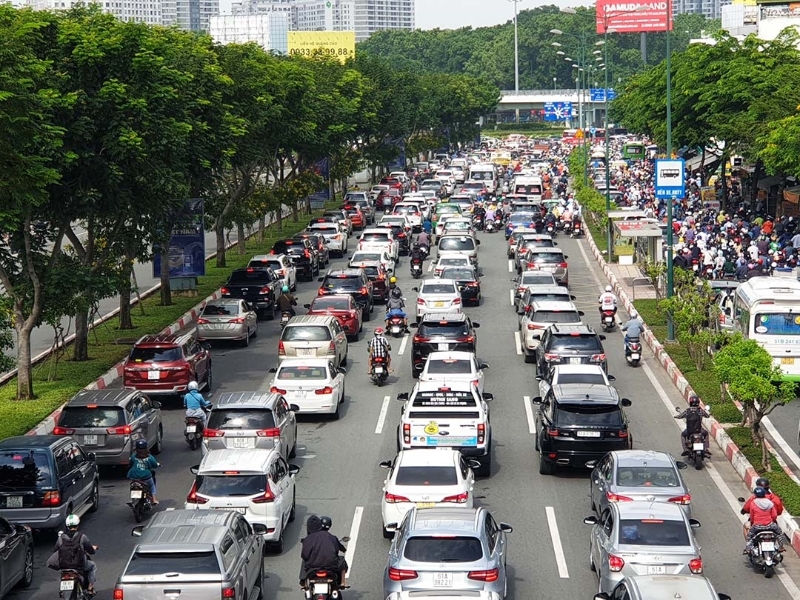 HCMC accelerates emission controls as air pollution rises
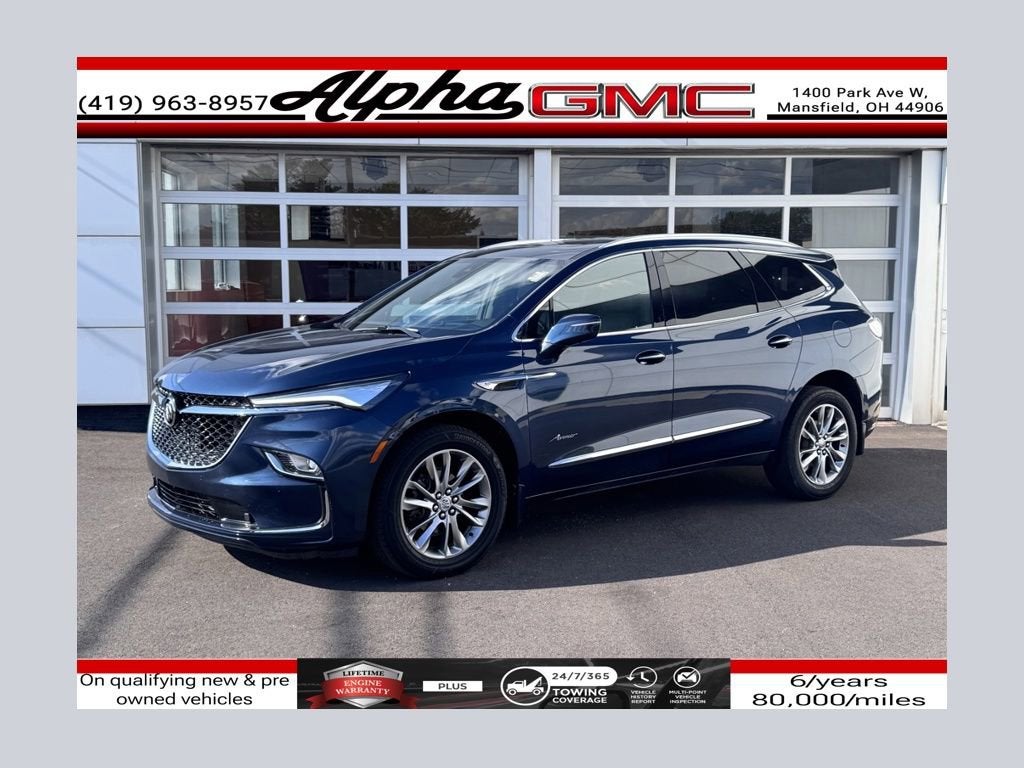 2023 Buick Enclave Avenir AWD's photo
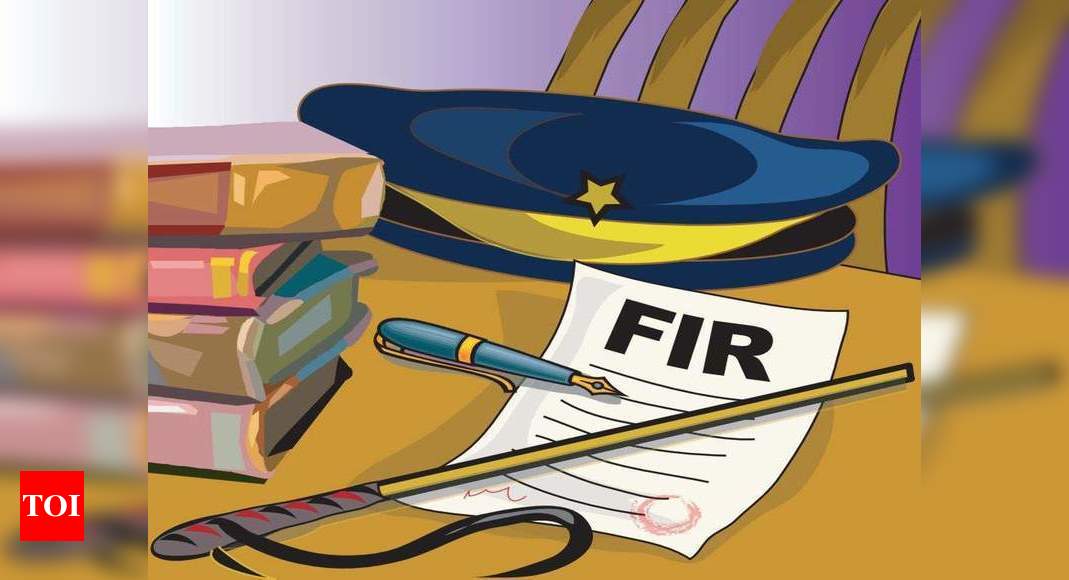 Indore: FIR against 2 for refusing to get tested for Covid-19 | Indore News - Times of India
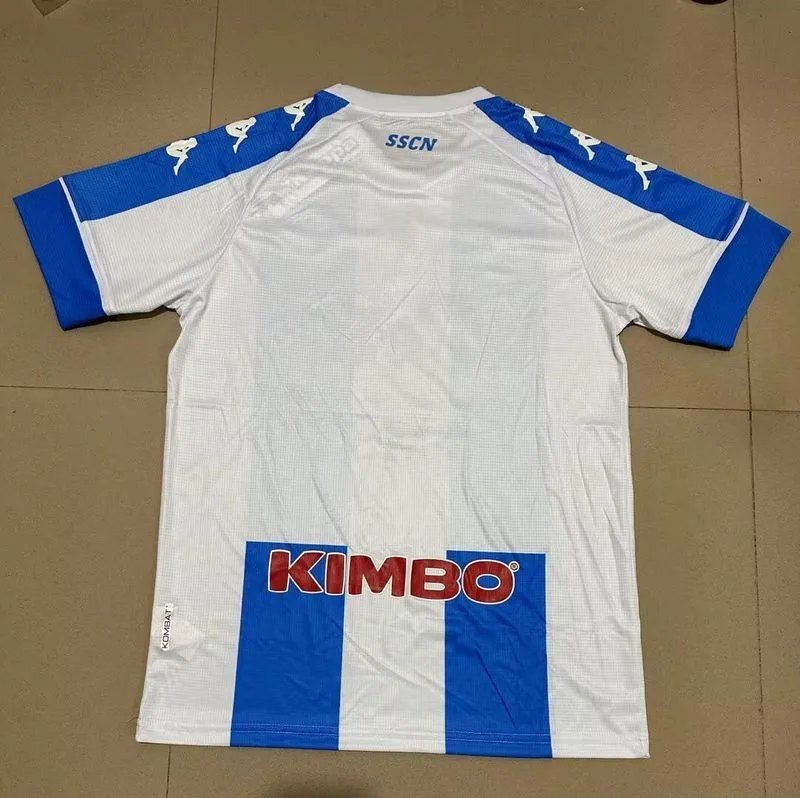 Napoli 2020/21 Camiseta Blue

****************************************

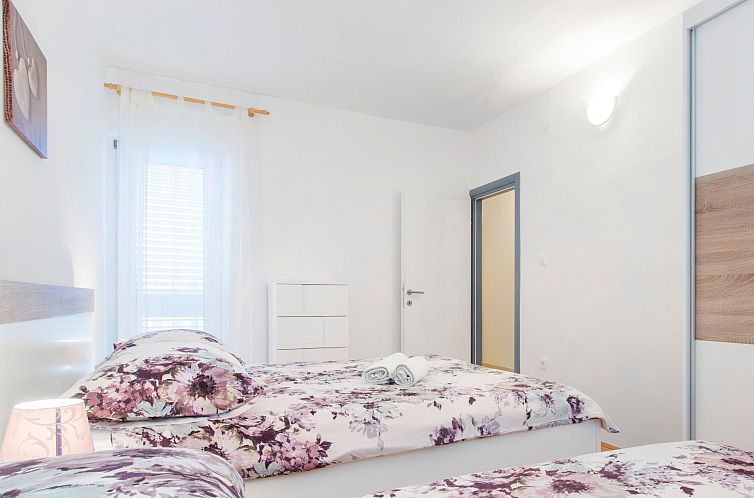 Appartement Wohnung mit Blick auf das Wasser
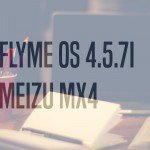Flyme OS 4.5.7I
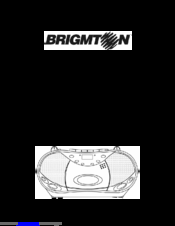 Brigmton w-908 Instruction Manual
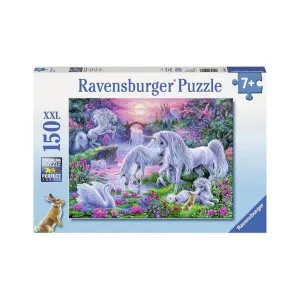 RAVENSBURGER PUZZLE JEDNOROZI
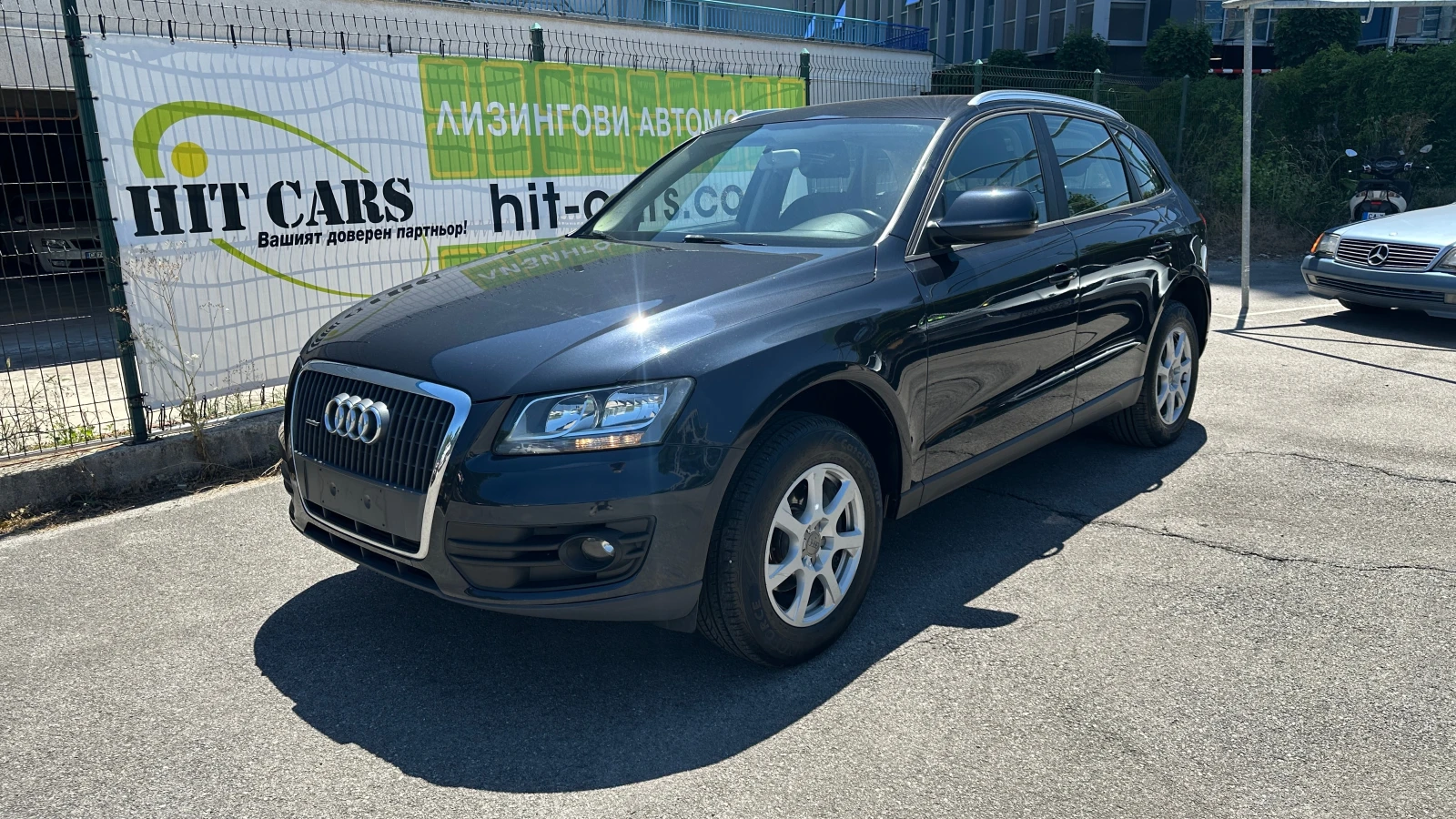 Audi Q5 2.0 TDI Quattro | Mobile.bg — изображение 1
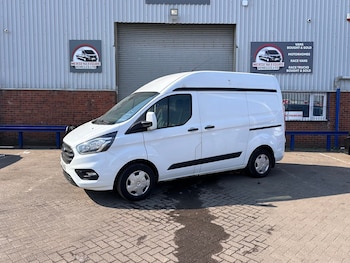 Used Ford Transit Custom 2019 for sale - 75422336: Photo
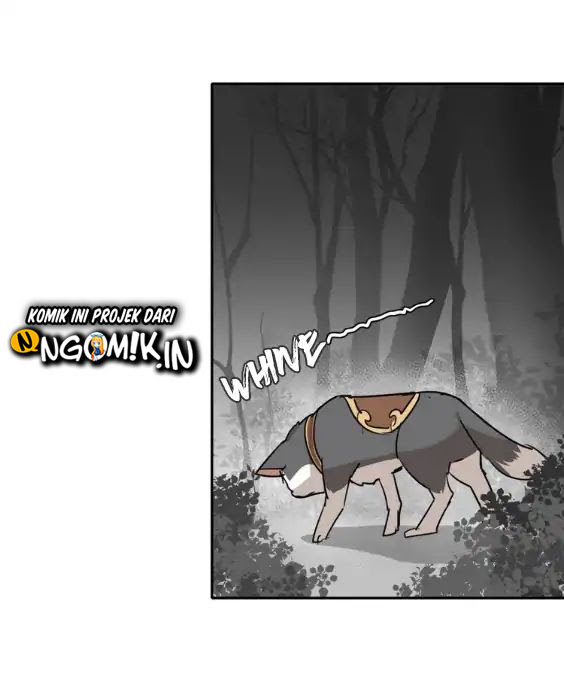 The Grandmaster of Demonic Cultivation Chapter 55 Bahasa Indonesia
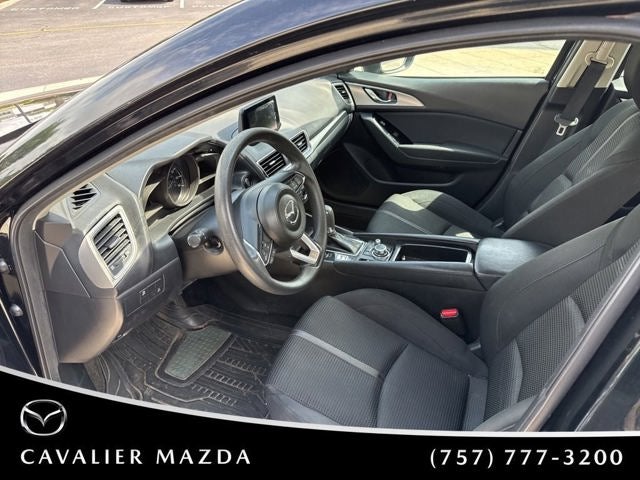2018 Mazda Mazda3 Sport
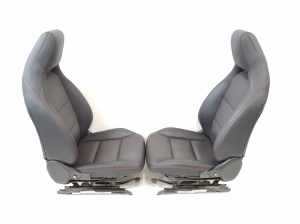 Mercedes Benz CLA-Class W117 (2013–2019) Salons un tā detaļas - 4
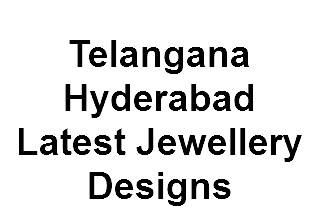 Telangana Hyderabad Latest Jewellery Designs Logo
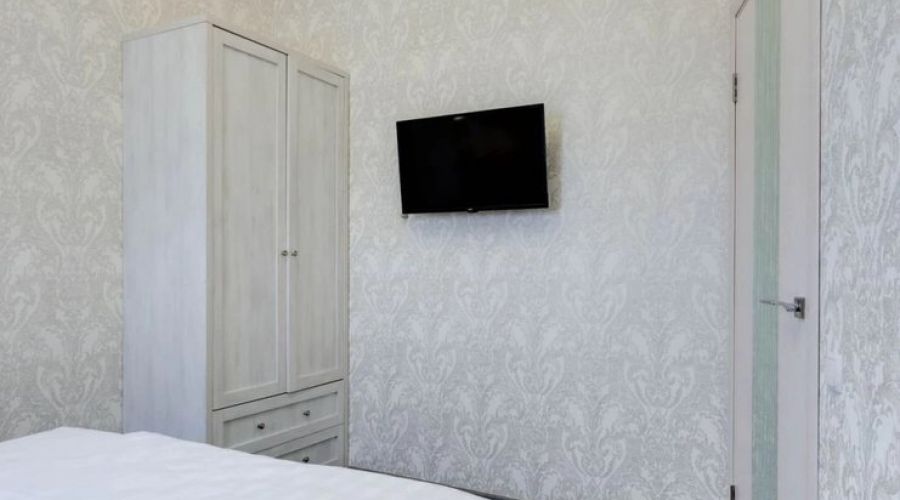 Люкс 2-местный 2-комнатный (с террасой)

****************************************

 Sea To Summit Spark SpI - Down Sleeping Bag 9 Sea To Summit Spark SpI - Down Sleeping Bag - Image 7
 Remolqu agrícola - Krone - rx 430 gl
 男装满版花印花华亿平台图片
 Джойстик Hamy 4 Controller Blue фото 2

****************************************

Could the stretch from the line with "HCMC accelerates emission" through the line with "Napoli 2020/21 Camiseta Blue" in the listing above be restated word for word, minus the pictures?

WRITTEN SOLUTION:
 HCMC accelerates emission controls as air pollution rises
 2023 Buick Enclave Avenir AWD's photo
 Indore: FIR against 2 for refusing to get tested for Covid-19 | Indore News - Times of India
 Napoli 2020/21 Camiseta Blue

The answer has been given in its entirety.